» **EXERCISE OBJECTIVE**
From the records below, print only the part that opens with the line containing "Change Your Brain, Change" and closes with the line containing "Sortér billederne: I supermarkedet og Dyr"; omit the pictures.

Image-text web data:
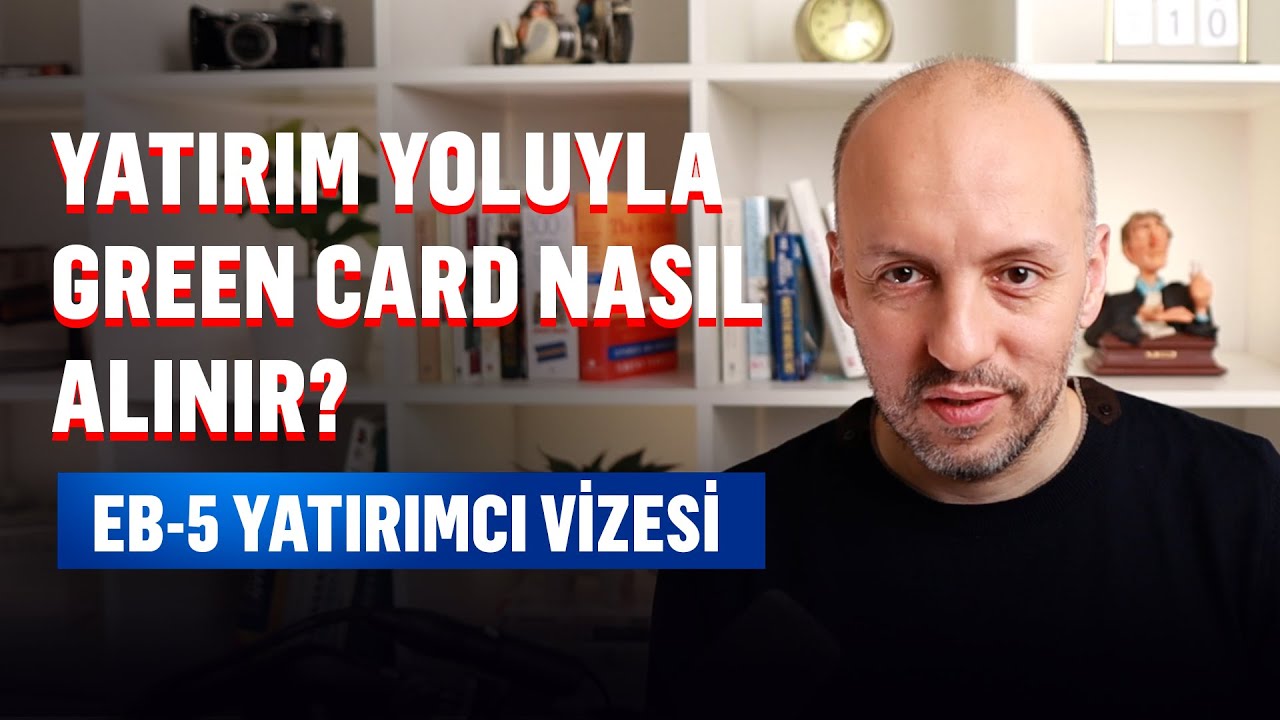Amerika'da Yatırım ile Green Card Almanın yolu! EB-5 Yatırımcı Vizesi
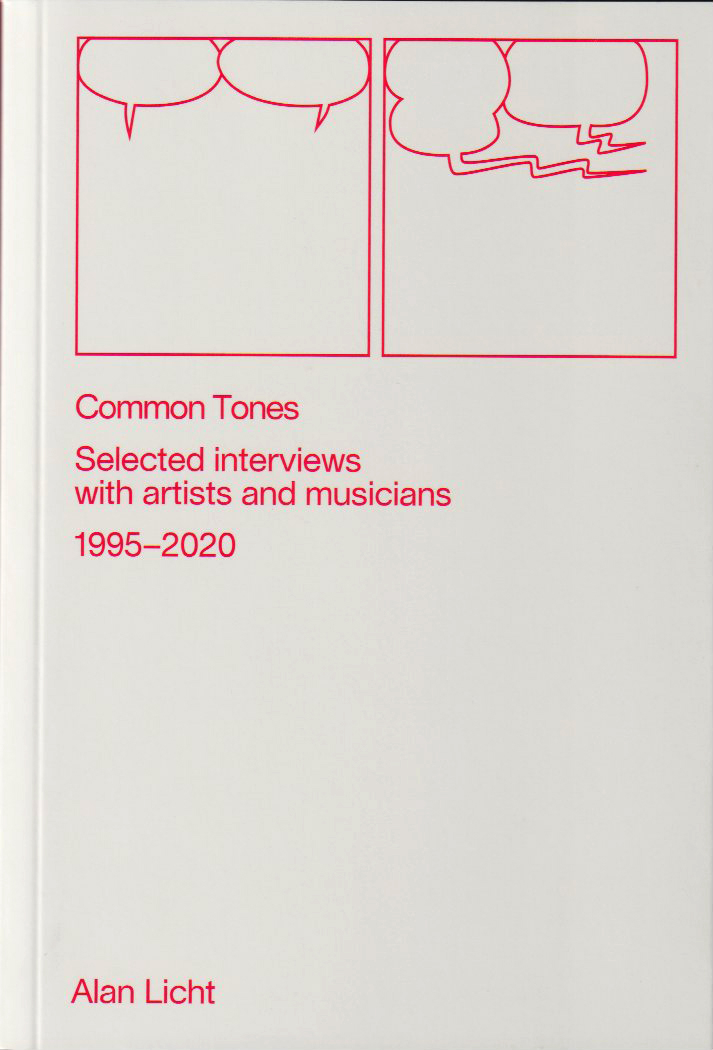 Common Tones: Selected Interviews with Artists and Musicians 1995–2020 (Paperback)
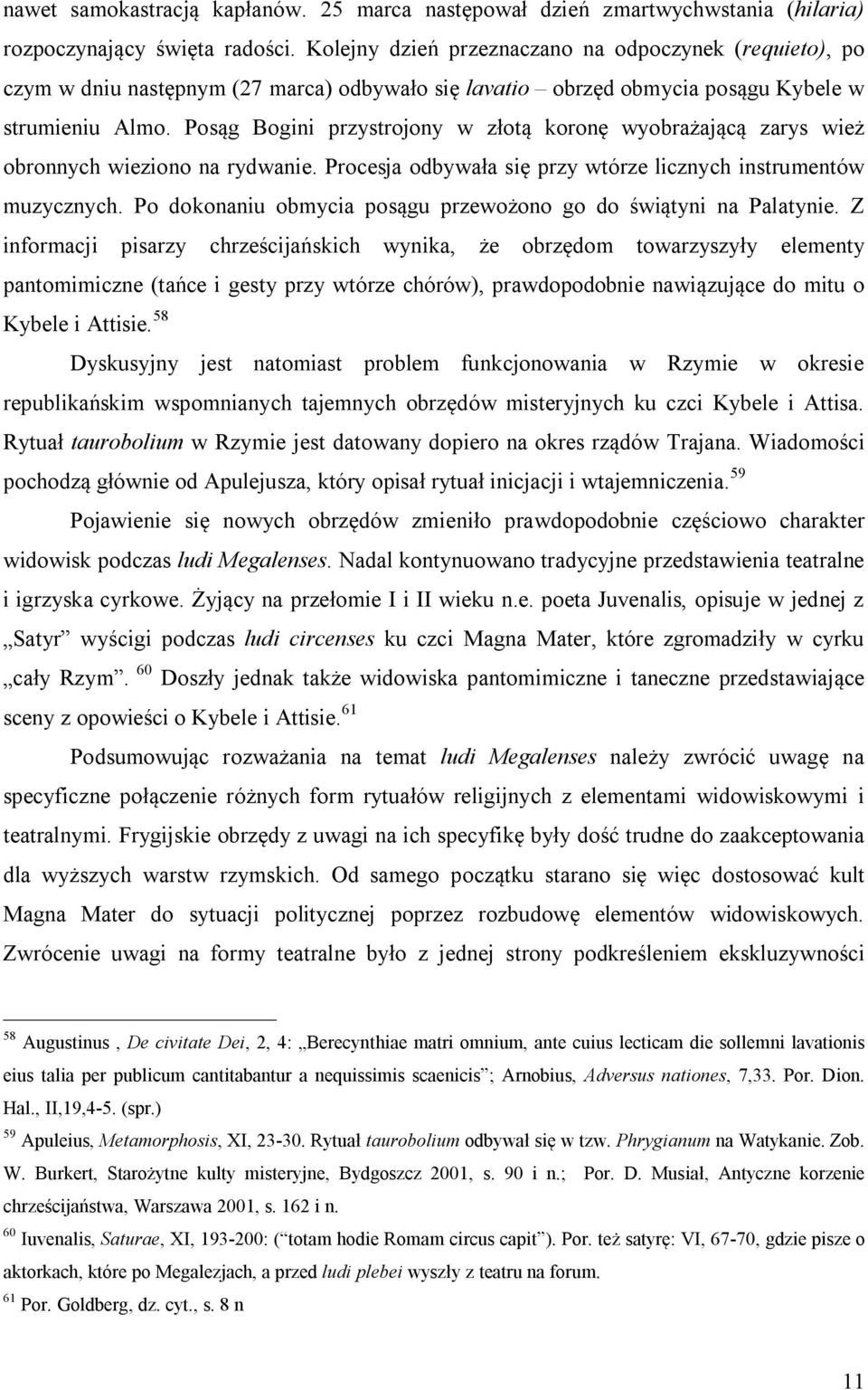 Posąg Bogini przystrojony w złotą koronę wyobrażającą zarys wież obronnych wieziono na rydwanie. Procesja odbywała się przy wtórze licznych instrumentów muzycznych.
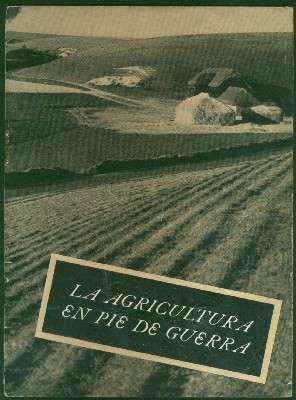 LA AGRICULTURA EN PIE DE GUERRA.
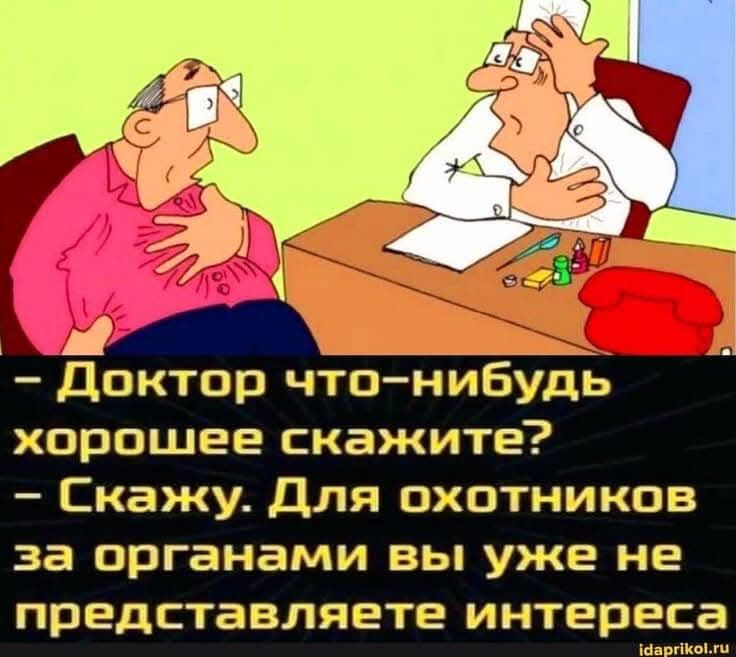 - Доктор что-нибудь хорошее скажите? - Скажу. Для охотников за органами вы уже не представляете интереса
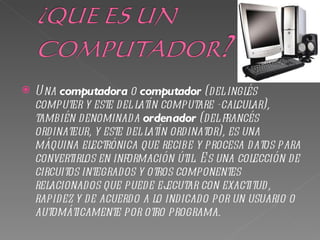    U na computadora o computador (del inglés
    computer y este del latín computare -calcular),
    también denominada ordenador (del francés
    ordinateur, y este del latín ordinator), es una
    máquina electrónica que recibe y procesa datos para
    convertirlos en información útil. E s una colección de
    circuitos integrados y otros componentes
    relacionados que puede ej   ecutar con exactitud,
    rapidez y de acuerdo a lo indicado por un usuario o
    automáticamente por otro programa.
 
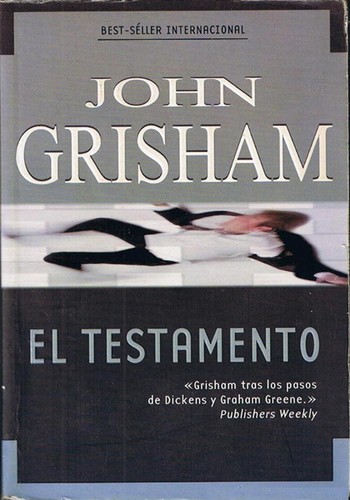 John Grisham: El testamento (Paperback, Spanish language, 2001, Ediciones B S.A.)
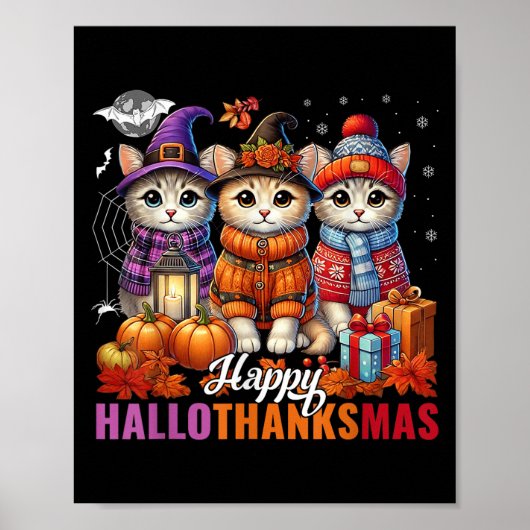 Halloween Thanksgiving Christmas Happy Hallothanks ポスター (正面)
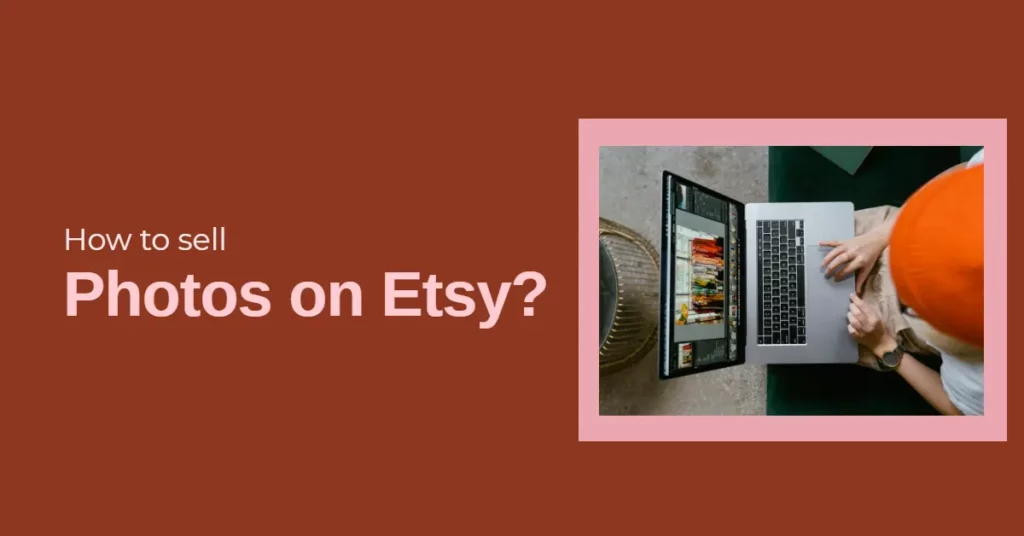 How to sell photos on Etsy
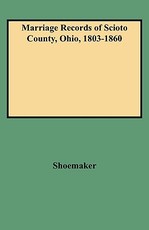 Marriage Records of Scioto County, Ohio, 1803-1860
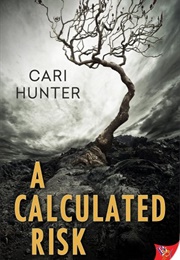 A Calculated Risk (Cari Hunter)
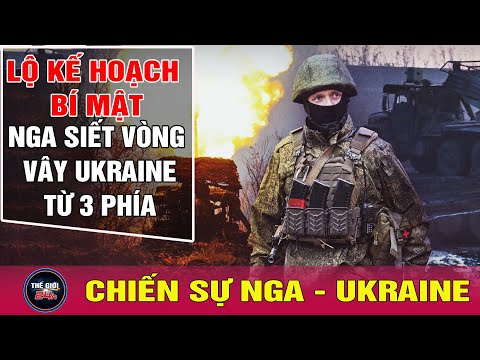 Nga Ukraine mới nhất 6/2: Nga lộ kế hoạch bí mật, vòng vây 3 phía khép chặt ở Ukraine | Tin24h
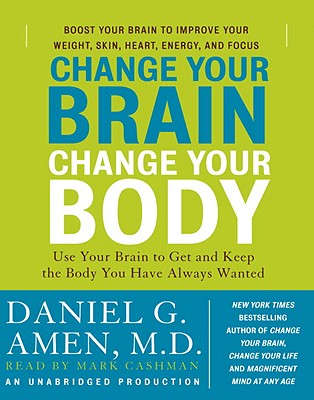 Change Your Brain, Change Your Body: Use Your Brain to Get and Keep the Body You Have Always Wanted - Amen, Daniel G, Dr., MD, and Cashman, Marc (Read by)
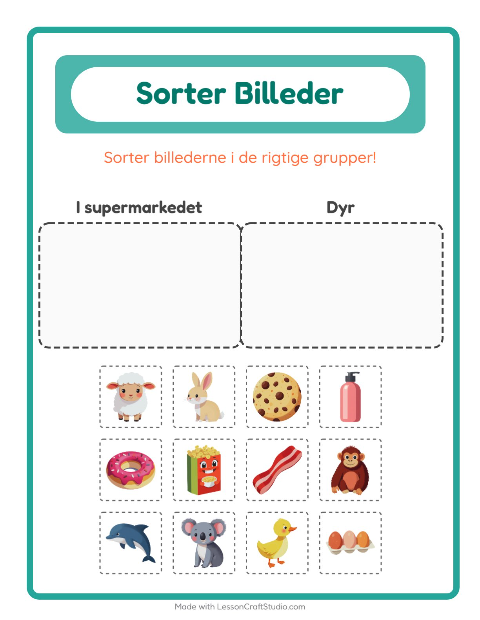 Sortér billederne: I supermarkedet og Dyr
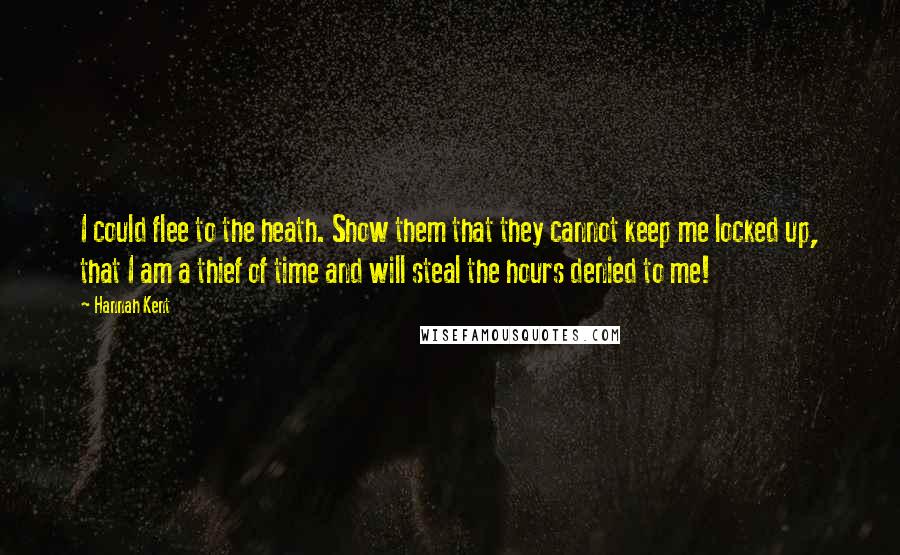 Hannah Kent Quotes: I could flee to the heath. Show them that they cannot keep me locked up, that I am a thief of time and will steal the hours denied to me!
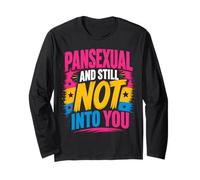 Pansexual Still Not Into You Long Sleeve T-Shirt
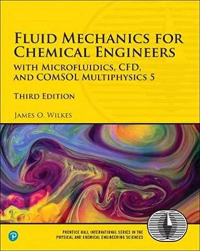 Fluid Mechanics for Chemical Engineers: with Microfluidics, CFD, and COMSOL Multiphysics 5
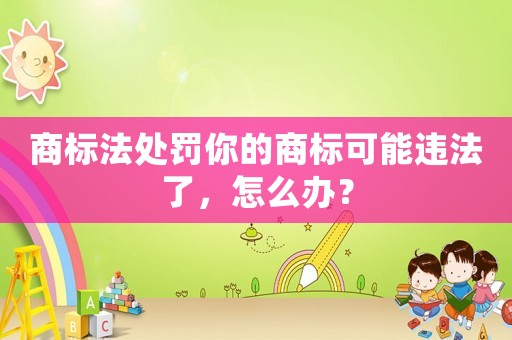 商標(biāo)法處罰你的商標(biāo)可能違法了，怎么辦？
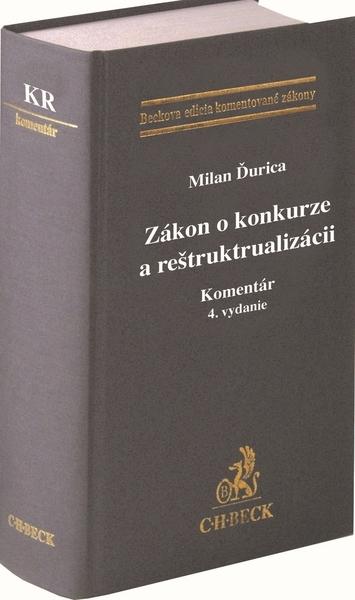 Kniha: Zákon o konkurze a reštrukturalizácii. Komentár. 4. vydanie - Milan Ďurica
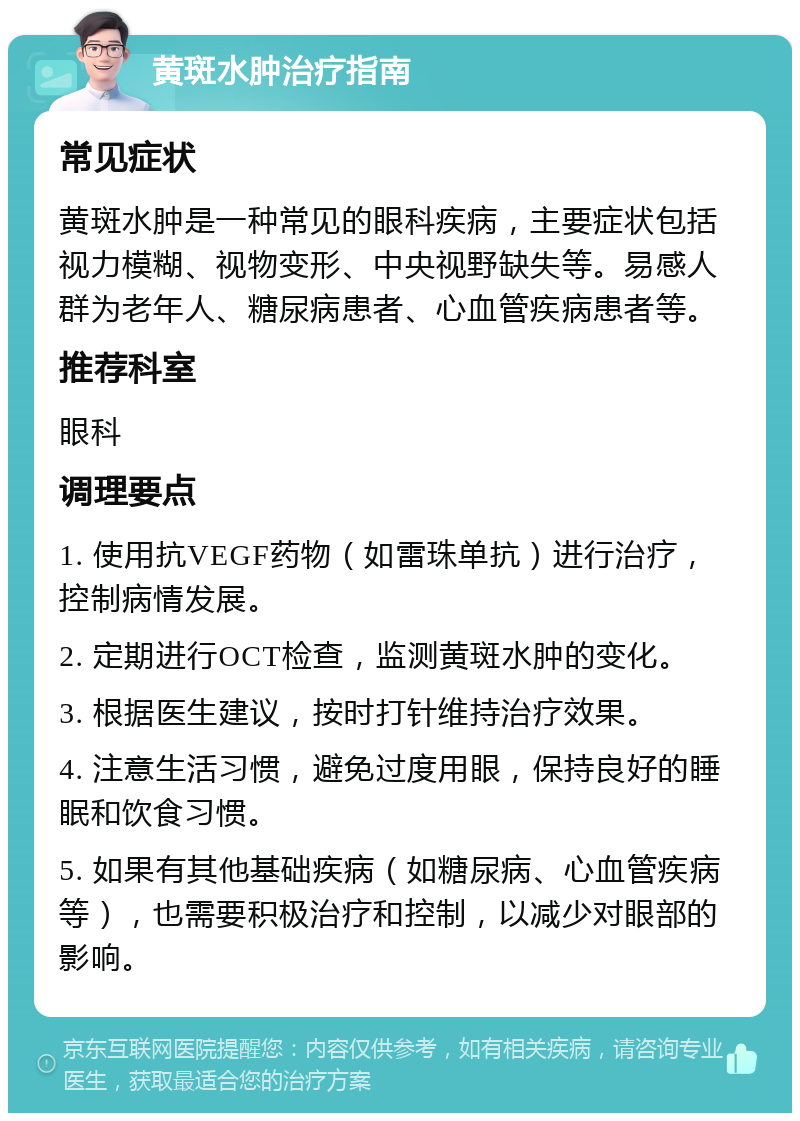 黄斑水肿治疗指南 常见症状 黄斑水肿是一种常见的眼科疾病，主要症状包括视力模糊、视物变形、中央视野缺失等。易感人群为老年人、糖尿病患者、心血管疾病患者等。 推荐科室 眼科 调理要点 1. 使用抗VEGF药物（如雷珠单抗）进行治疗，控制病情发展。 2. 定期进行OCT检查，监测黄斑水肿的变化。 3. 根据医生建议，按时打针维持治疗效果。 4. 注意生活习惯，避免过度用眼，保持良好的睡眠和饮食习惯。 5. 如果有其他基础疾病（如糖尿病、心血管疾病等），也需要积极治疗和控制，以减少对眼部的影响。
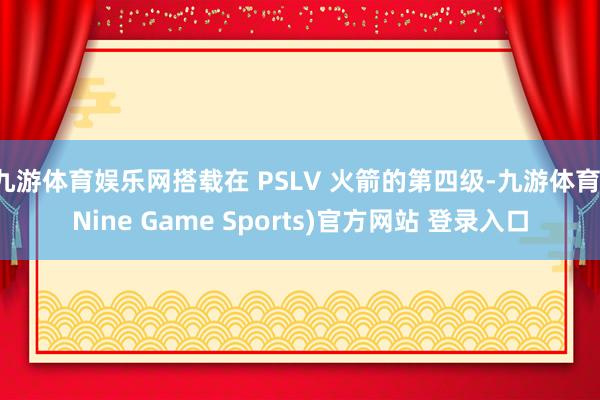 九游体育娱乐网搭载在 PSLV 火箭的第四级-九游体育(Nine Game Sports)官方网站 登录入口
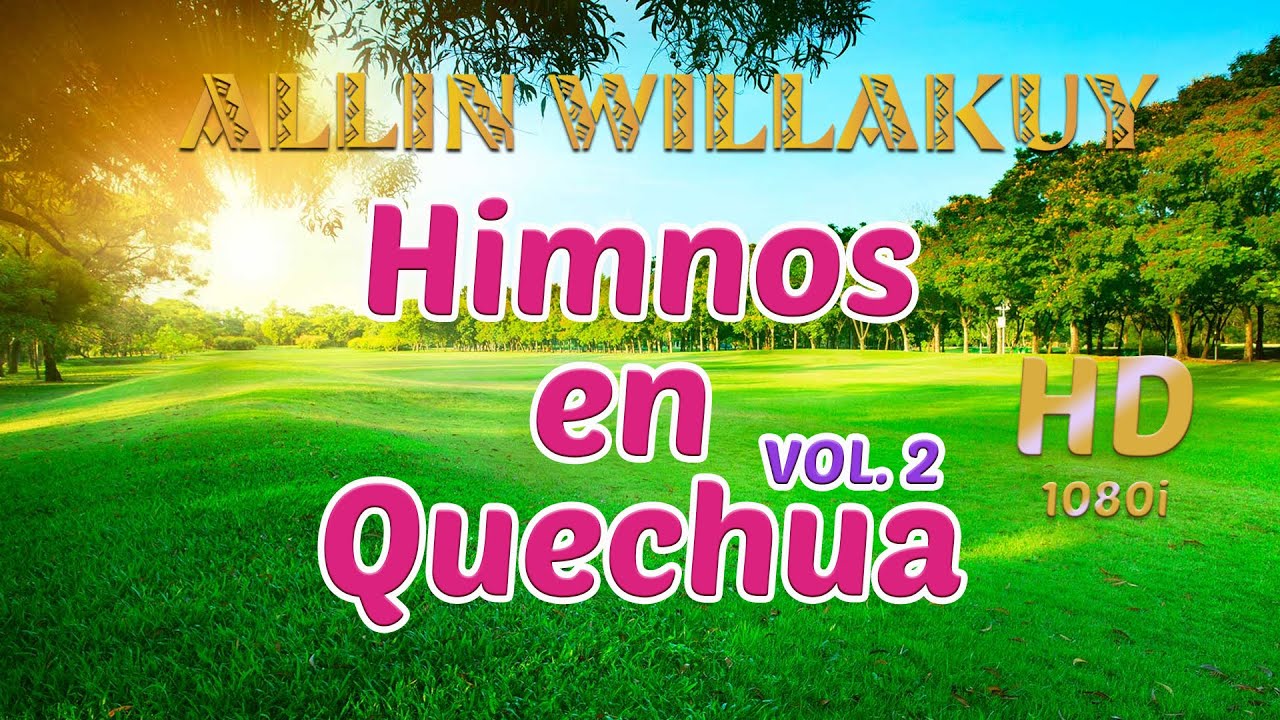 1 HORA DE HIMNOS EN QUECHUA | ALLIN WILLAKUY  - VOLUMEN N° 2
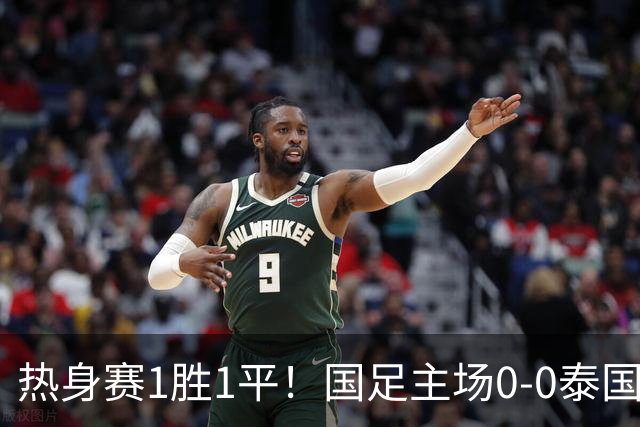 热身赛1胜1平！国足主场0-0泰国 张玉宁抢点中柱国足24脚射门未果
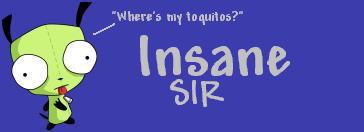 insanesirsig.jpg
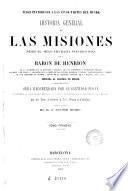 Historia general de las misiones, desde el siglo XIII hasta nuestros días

» **FINAL ANSWER**
 Change Your Brain, Change Your Body: Use Your Brain to Get and Keep the Body You Have Always Wanted - Amen, Daniel G, Dr., MD, and Cashman, Marc (Read by)
 Sortér billederne: I supermarkedet og Dyr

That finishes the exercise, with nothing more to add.